Hatasu hizo una pausa que aprovechó para refrescarse el cuello con un poco de agua.
—Me escribió después de la visita a la pirámide. Destruí la carta pero recuerdo que dedicaba unas pocas líneas al tema: anunciaba que a su regreso a Tebas actuaría en representación del único dios contra los falsos ídolos en nuestros templos. —Se encogió de hombros—. No presté mucha atención a Tutmosis el místico. —Inspiró con fuerza mientras volvía a chapotear con los pies en el agua—. Sólo esperaba con ansia su regreso. El resto de sus oficiales llegaron a Tebas para preparar la entrada victoriosa de Tutmosis.
—Díselo —intervino Senenmut—. Háblale de las cartas del chantajista.
—Mientras esperaba su regreso —añadió Hatasu, apresuradamente—, comencé a recibir unos mensajes, pequeños rollos de papiro escritos por una mano educada. —Meneó la cabeza—. Me convertí en la víctima de un chantaje.

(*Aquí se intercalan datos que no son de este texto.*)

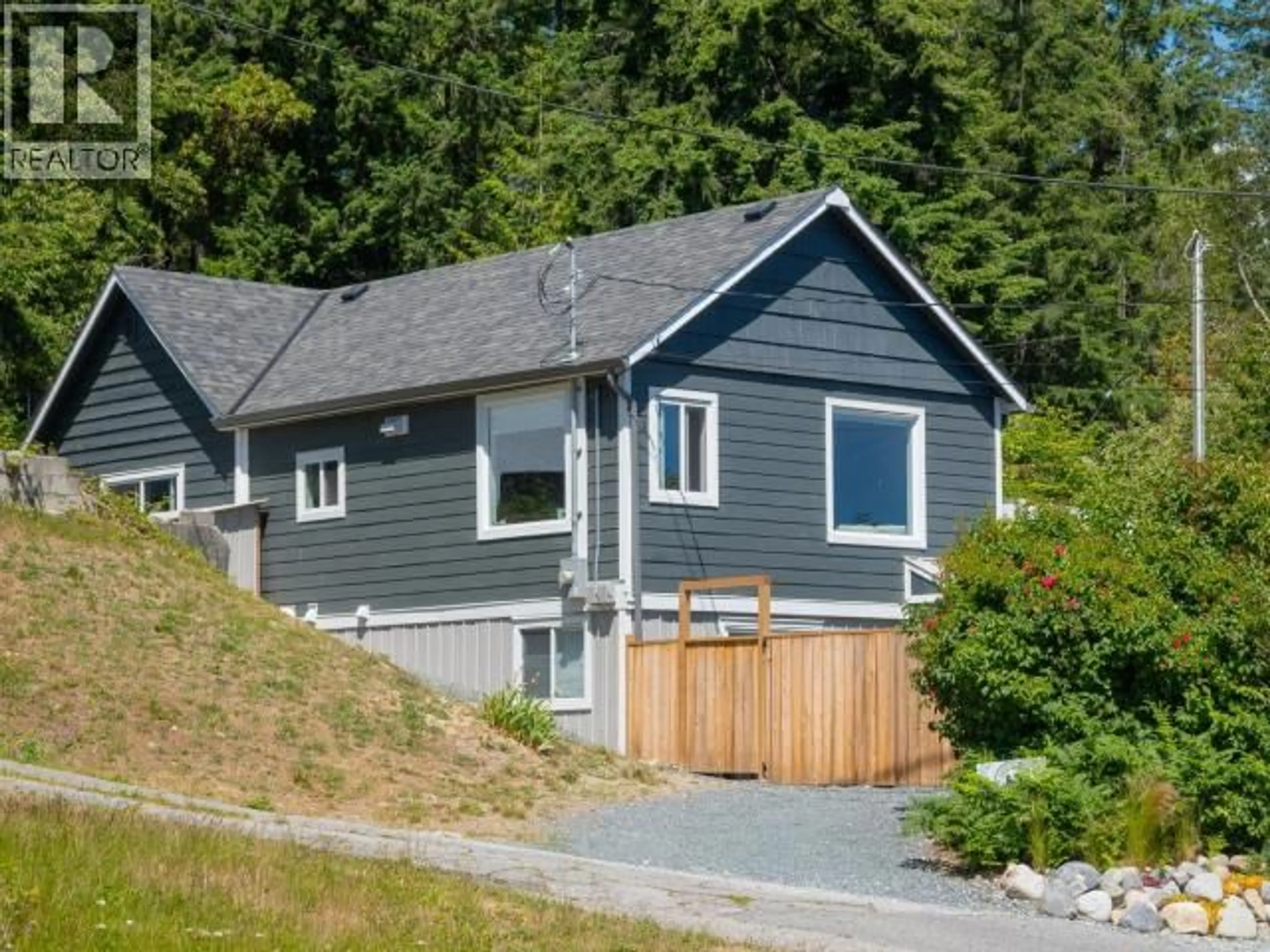 Home with vinyl exterior material, street for 6751 CRANBERRY STREET, Powell River British Columbia
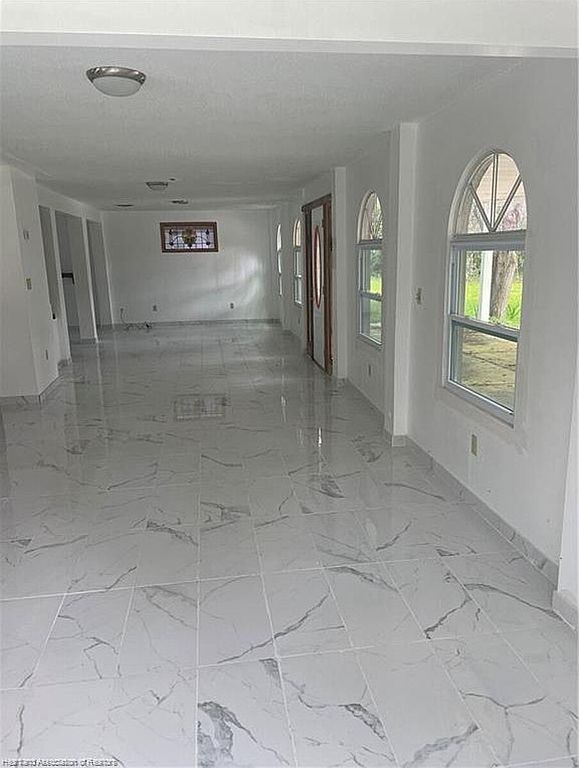 9125 Markland Ln - Property Image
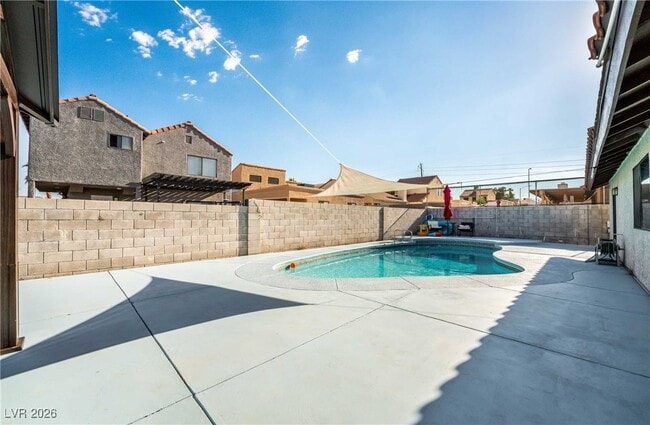 Building Photo - 8233 Ducharme Ave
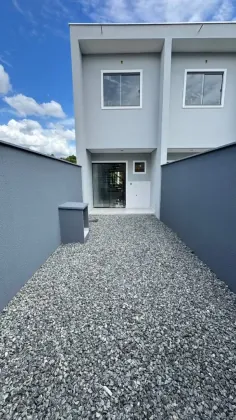 Casa Para Vender com 2 quartos no bairro Santa Catarina  em Joinville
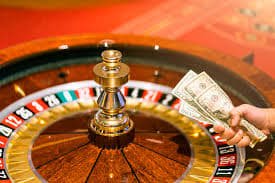 noelle live casino table interface on mobile device showing Dragon Tiger and roulette options
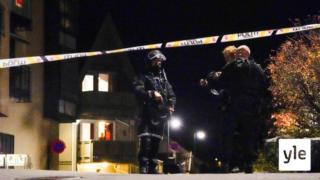 Norjan poliisi tiedottaa Kongsbergin jousiasehyökkäyksestä: 14.10.2021 18.18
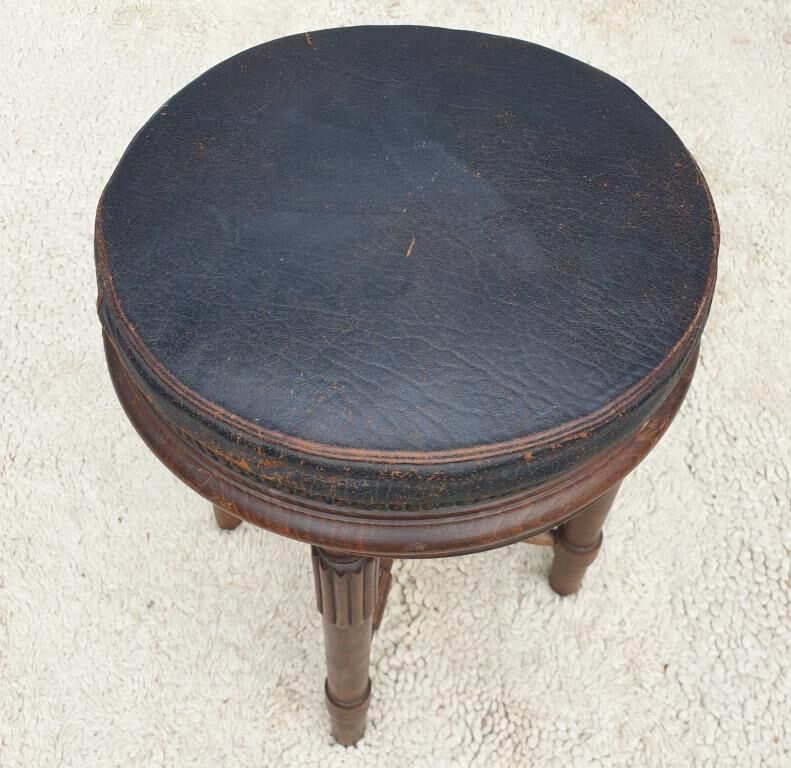 Pleyel piano stool from 1853 round leather seat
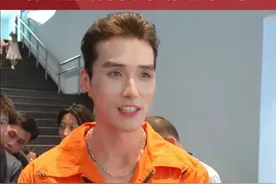 月薪三万！“首席摸鱼官”正式亮相！“曾经是模特 因为月薪高就来这了”#郑州海昌海洋公园 #月薪 #海洋馆 #河南dou知道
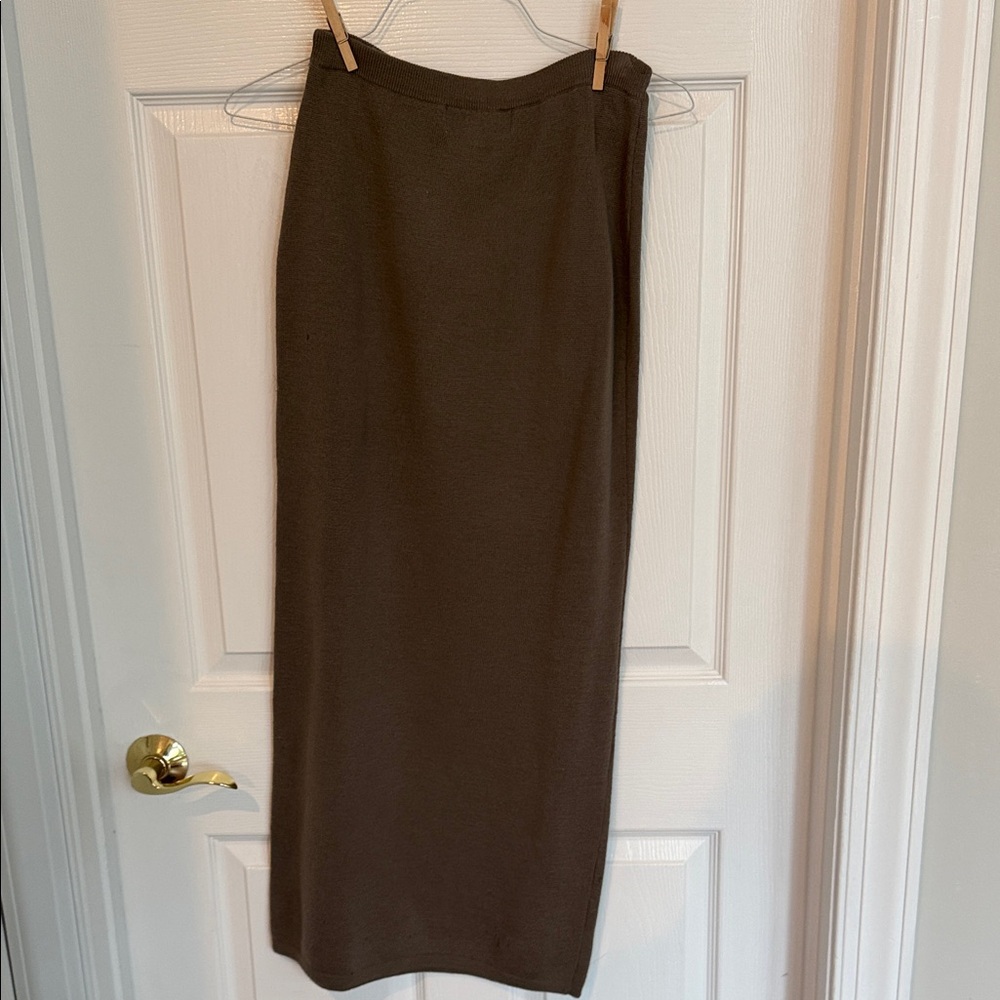 Jones and Co. Classic Tan Pencil Skirt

—¡Chantaje! —exclamó Amerotke.
Hatasu levantó una mano y apoyó un dedo contra los labios del juez; la uña, pintada de color rojo vivo, se hundió en la carne.
—Lo que te diré, Amerotke, no debes repetírselo nunca a nadie. Cuando era una niña, mi madre me dijo que yo había sido concebida por el dios Amón-Ra, que la había visitado en su dormitorio. —Se llevó una mano a la peluca y retorció un mechón hasta que comenzó a gotear el aceite perfumado que lo impregnaba—. Yo era una niña y mi madre estaba tan inmersa en sus historias de dioses, que lo consideré una fábula. Las cartas del chantajista recuperaron el tema: afirmaban que mi madre había sido infiel a su esposo y que había yacido con un sacerdote del templo de Amón-Ra. Yo no pertenecía a la línea de sangre del faraón sino que era una bastarda, una hija ilegítima. Debía cumplir con todo lo que se me ordenaba o enfrentarme a las consecuencias. No tenía elección, el chantajista afirmaba tener pruebas para demostrar su historia.